For the first post of 2017, let’s ask ourselves if 2016’s anime selection was as bad as I made it out to be.

I know there are a few people that have given up on anime this year, along with some of the ones who didn’t saying that there were no good anime in 2016. Can’t speak for them, but there is one thing I will point out: you guys noticed when I made my worst list that Masou Gakuen HxH didn’t make it on? Or Heavy Bullshit? The other light novel adaptations like Hundred and stuff were too bland to even bother giving attention, but those two light novel adaptations were horrendous even for their genre, and yet they lost out to Re:Zero and Occultic;Nine on my worst list. So yeah, 2016 was pretty crap in that aspect, and when you factor in horrible shows I didn’t finish like the new Berserk, Dimension W, and Battery, I stand by my opinion that 2016 was a little worse than usual.

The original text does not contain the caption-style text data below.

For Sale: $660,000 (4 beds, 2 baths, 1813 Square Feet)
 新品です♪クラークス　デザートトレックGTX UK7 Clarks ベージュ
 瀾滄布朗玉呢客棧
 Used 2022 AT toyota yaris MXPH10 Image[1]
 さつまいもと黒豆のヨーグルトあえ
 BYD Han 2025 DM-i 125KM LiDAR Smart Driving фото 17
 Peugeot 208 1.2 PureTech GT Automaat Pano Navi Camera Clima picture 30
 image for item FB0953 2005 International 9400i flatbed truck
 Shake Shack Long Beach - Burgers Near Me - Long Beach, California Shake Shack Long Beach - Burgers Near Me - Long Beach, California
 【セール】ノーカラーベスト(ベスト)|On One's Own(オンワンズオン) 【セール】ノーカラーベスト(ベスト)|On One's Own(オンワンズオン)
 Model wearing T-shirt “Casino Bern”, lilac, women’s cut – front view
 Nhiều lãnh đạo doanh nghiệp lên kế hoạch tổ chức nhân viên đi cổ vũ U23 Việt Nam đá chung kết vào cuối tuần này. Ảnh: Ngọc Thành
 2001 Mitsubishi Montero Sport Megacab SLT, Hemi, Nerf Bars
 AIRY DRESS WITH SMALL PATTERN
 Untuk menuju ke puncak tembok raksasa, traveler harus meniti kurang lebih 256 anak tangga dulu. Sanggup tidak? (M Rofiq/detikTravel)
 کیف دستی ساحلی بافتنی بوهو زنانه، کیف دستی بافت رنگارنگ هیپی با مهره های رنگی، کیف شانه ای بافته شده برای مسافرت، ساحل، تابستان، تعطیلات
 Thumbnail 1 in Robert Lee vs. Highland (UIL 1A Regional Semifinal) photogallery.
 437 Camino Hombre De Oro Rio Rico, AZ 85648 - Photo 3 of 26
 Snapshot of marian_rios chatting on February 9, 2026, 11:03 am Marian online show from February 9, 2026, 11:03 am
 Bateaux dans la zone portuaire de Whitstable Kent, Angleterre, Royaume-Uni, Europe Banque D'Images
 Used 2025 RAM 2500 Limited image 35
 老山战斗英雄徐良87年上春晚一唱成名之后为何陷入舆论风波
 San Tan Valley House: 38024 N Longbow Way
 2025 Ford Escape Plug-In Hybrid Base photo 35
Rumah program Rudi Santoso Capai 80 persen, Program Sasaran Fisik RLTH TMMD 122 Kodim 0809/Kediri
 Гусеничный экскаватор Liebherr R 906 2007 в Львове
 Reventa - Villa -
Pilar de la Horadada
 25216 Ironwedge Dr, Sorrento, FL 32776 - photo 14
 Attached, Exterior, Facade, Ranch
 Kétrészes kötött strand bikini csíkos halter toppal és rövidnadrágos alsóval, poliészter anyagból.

However, most of the big anime this year were good like Rakugo, Osomatsu-san, Yuri on Ice, Boku no Hero Academia, Sweetness and Lightning (well, maybe not that one), a bunch of this year’s films, and such. They just happen to belong to genres I’m not interested in, and even if I was, some of them had some more “noticeable than usual” contingencies to them. While this probably isn’t a problem for One-Punch Man fans given how that’s pretty much what the beginning episodes were, I’m not gonna forget that Mob Psycho 100 could have let me like it a bit faster, and that’s a show I kinda liked in the end. Everyone’s already gone over how Yuri on Ice’s skating scenes weren’t the most consistent. And then there’s getting into how even for a Shonen Jump anime, Academia’s second half just plain sucked. If I had to pick between the stupidity of Bieber in Kabaneri or the mediocrity of…no one whose name I remember in Academia, I’d pick Bieber in a heartbeat. At least he’d make something unusual happen.

Having said that, my main problem with a lot of 2016’s output was that the goals they set for themselves, or ended up accomplishing, were bottom-of-the-barrel. Pretty much everything in my disappointing list with the exception of the Project Itoh films were put there because they wanted to stay in a comfort zone that stopped being safe years ago, and a lot of the worst anime list fell into that category as well with the only difference being that very little of the plot actually focused on said goal (ex. Rewrite’s and Big Order’s ultimate story was about whether humanity should continue to live despite their crimes against the world or not, but not only did it not go into any detail about it, very little of the screen time was actually focused on that question because we have maid scenes to shoot). Obviously one look at my best list will indicate that I’m not expecting some sort of P.H.D. thesis from a cartoon, because next we’ll be asking Pixar for some grand term paper on the human condition, but you have to give a level of education that a normal sixteen-year old would be satisfied with.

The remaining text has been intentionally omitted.